# Frazee paint?



## Softy (Jul 19, 2009)

What ever happened to this brand? It used to be really good until they start coming out with eco-friendly products. Now it drip and run all over and the semi-gloss peel on top of the primer. I need to mix it with Floetrol just to get to work. I just use Mirror glide and Lo-glo to paint beach-front property in cold temp and now I've to redo many area because of the paint line is showing. What I don't understand is if I have to use Floetrol then that paint is now no longer eco-friendly. So what's the point of having the friendly paint?


----------



## pinchegordo (Jul 3, 2011)

We have Frazee here and I dont use it.... I'd rather use HD **** .....


----------



## sagebrush123 (Mar 11, 2011)

I have left the Frazee zone, but I think they are now called Comex.

Switch to a different paint.


----------



## paintguy86 (Aug 6, 2011)

sagebrush123 said:


> I have left the Frazee zone, but I think they are now called Comex.
> 
> Switch to a different paint.


They are still around comex is the parent company.they own a bunch of regional paint companies.frazee is more of a south west region company.they own parker in the north west.


----------



## Conley (Dec 6, 2010)

I have been using Frazee for a couple years and they are sucking really bad right now.
The last 10 times i have gone in to the store 8 of those trips were wasted as they did'nt have what i needed. I just did a house in there Velvin flat. Its not touching up
at all. Its horrible. I am in my 2nd day of no work because my schedule is held up by the fact that there Super deck solid stain isn't in stock, yet they've had a months notice of the job. 

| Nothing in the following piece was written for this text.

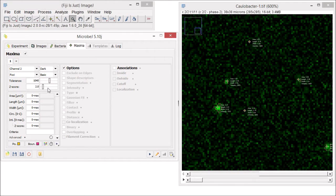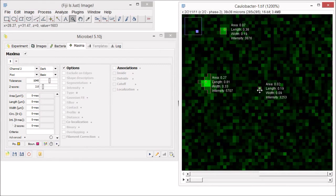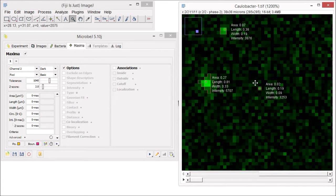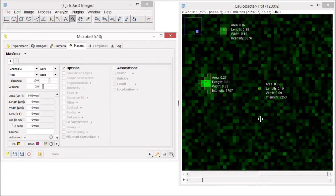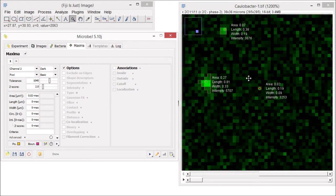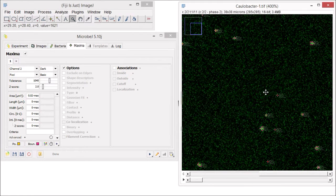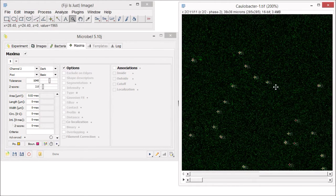Sometimes we will notice that not every maxima detected will be a foci. If you zoom in, you can see that similar to the bacteria, you have access to the specific attributes of the maxima, such as their area, width, or length, which can be used to filter out unwanted maxima. So if you want to exclude a maxima from the final analysis, just adjust the minimal area width to something greater than 0.02 and click on the test button again. The particle is turned red, meaning it is now rejected from the final analysis. Note that by optimizing the tolerance and the z-score, you can easily refine the rejection process by using those basic attributes until you find the right combination of values.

There prices cut SW in half in the begining and there products were good. Now the price is still right but everything else is gone.


----------



## Softy (Jul 19, 2009)

Same here I couldn't touch it up with Frazee despite that I painted the house a week earlier with the same paint. I've to add Floetrol to stabilize it before I can use the paint for touch up. Mirror Glide, which happened to be the most expensive for Frazee, feel more like a latex paint than acrylic to me.


----------



## ewingpainting.net (Jun 2, 2008)

If you all notice Frazee is speced on commercial a new res. go figure


----------



## 6126 (May 9, 2010)

I never used much of it when I was in that area. Mostly used Dunn Edwards. They dont have neither up here.


----------



## SDFF (3 mo ago)

Softy said:


> What ever happened to this brand? It used to be really good until they start coming out with eco-friendly products. Now it drip and run all over and the semi-gloss peel on top of the primer. I need to mix it with Floetrol just to get to work. I just use Mirror glide and Lo-glo to paint beach-front property in cold temp and now I've to redo many area because of the paint line is showing. What I don't understand is if I have to use Floetrol then that paint is now no longer eco-friendly. So what's the point of having the friendly paint?


I have a gallon of Frazee leftover from when I used it in the past, years ago: Lo-Glo interior acrylic enamel, low eggshell finish, white. Is this the good old stuff? How many years does it last after being opened? Thanks.


----------